DATASET RECORDS:

++++

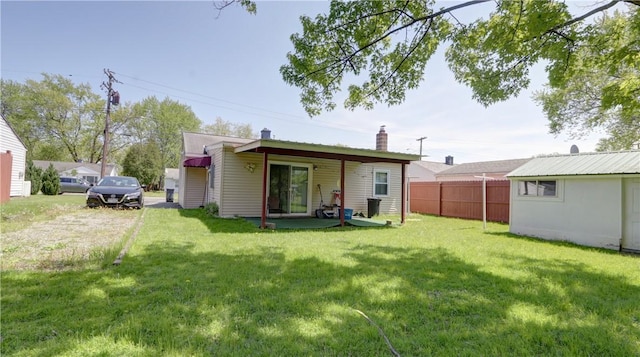 rear view of property with a chimney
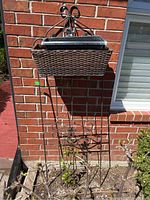 Front view of metal trellis with two planters attached, against a brick wall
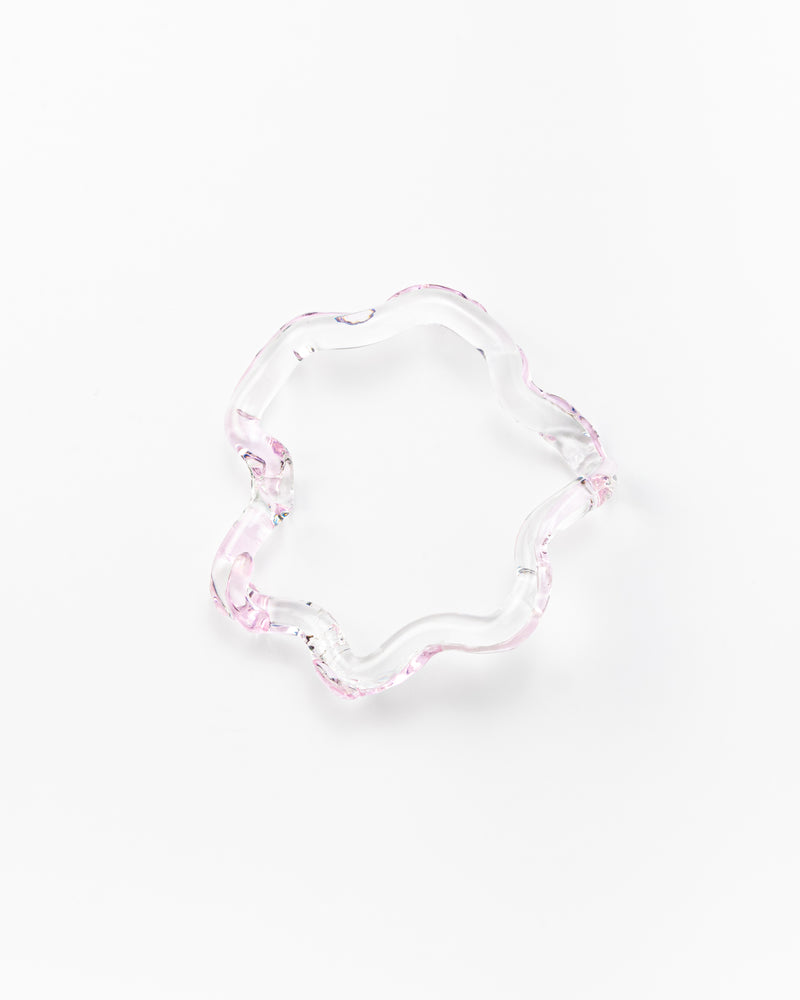 Wavy-shaped bracelet made of clear recycled glass with subtle pink accents
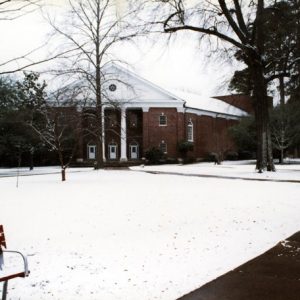 Snow covered quad and bench with crossing sidewalks leading to large multistory neoclassical brick building with white columns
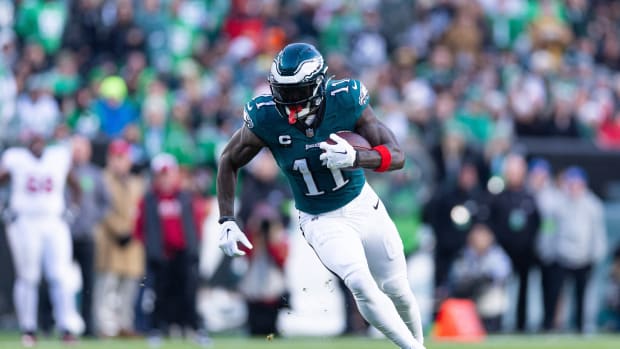 Dec 31, 2023; Philadelphia, Pennsylvania, USA; Philadelphia Eagles wide receiver A.J. Brown (11) runs with the ball during the fourth quarter against the Arizona Cardinals at Lincoln Financial Field.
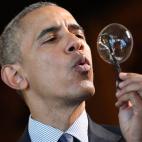 Obama blows a bubble from a bubble wand made with a 3D printer by 9-year old Jacob Leggette while touring exhibits at the White House Science Fair on April 13, 2016, in Washington, DC..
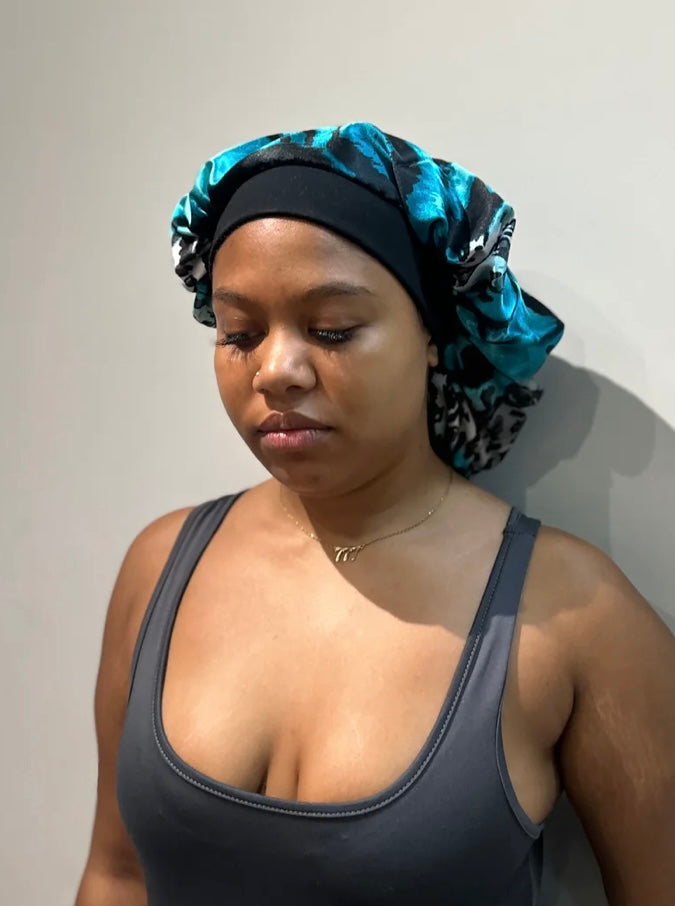 The proud mimi bonnet in blue animal print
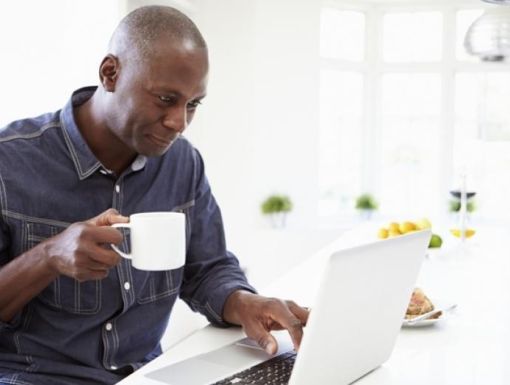 man researching on laptop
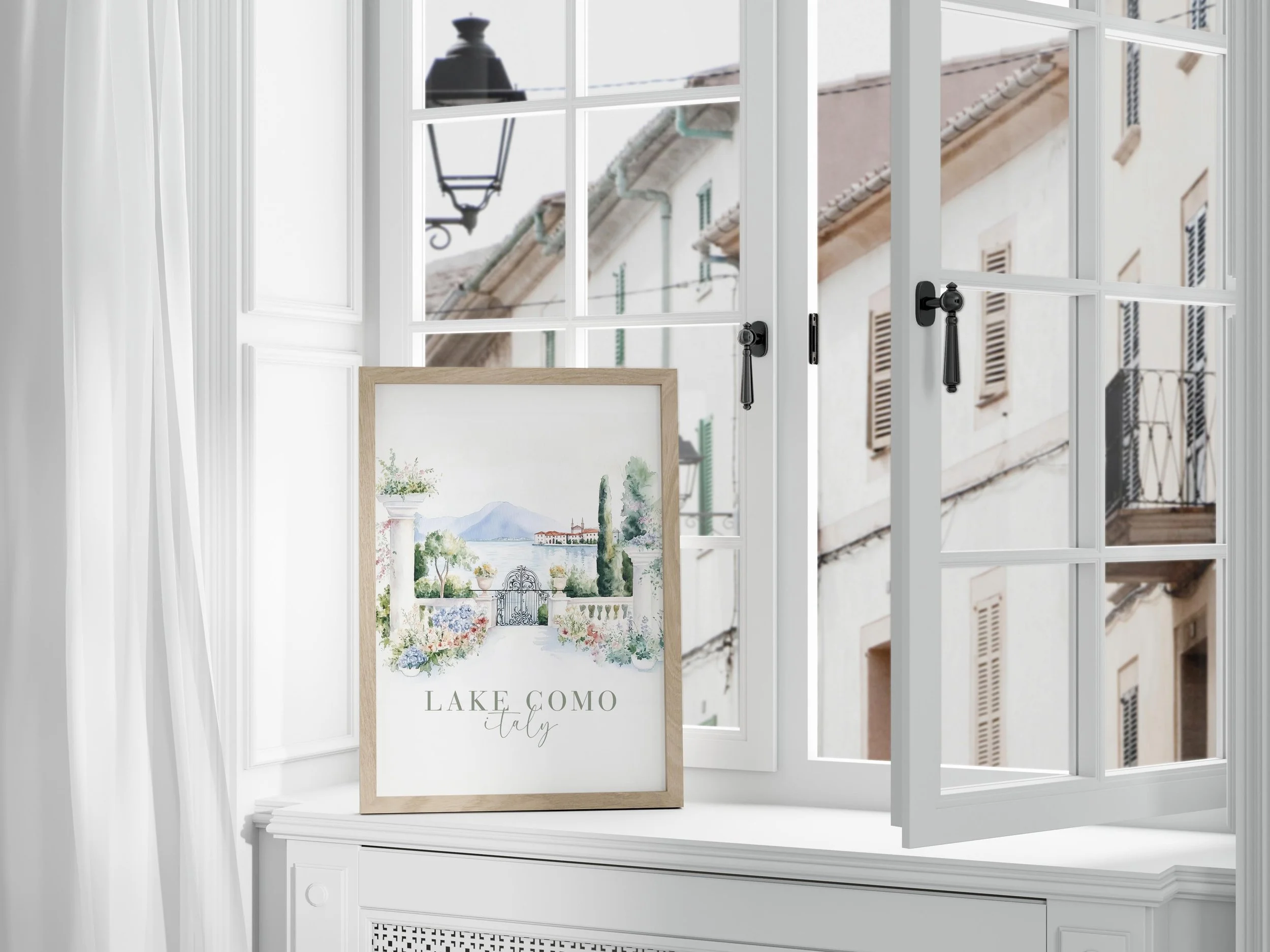 Watercolor painting of Lake Como, Italy, featuring a scenic view with a gated entrance, trees, mountains in the background, and the lake, placed on a windowsill with open window and white curtains.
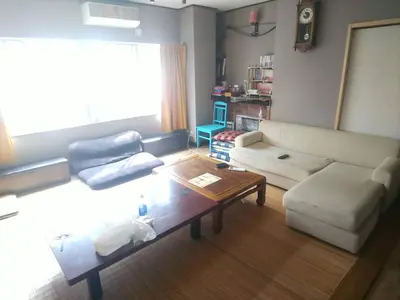 a living room with a couch and a coffee table at GUEST HOUSE SaKURa in Tokyo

++++

WORK REQUIRED: All lines from the start of the entries above through the line containing "Wavy-shaped bracelet made" are to be given again exactly; the pictures are not.

ANSWER FOR THE TASK:
 rear view of property with a chimney
 Front view of metal trellis with two planters attached, against a brick wall
 Wavy-shaped bracelet made of clear recycled glass with subtle pink accents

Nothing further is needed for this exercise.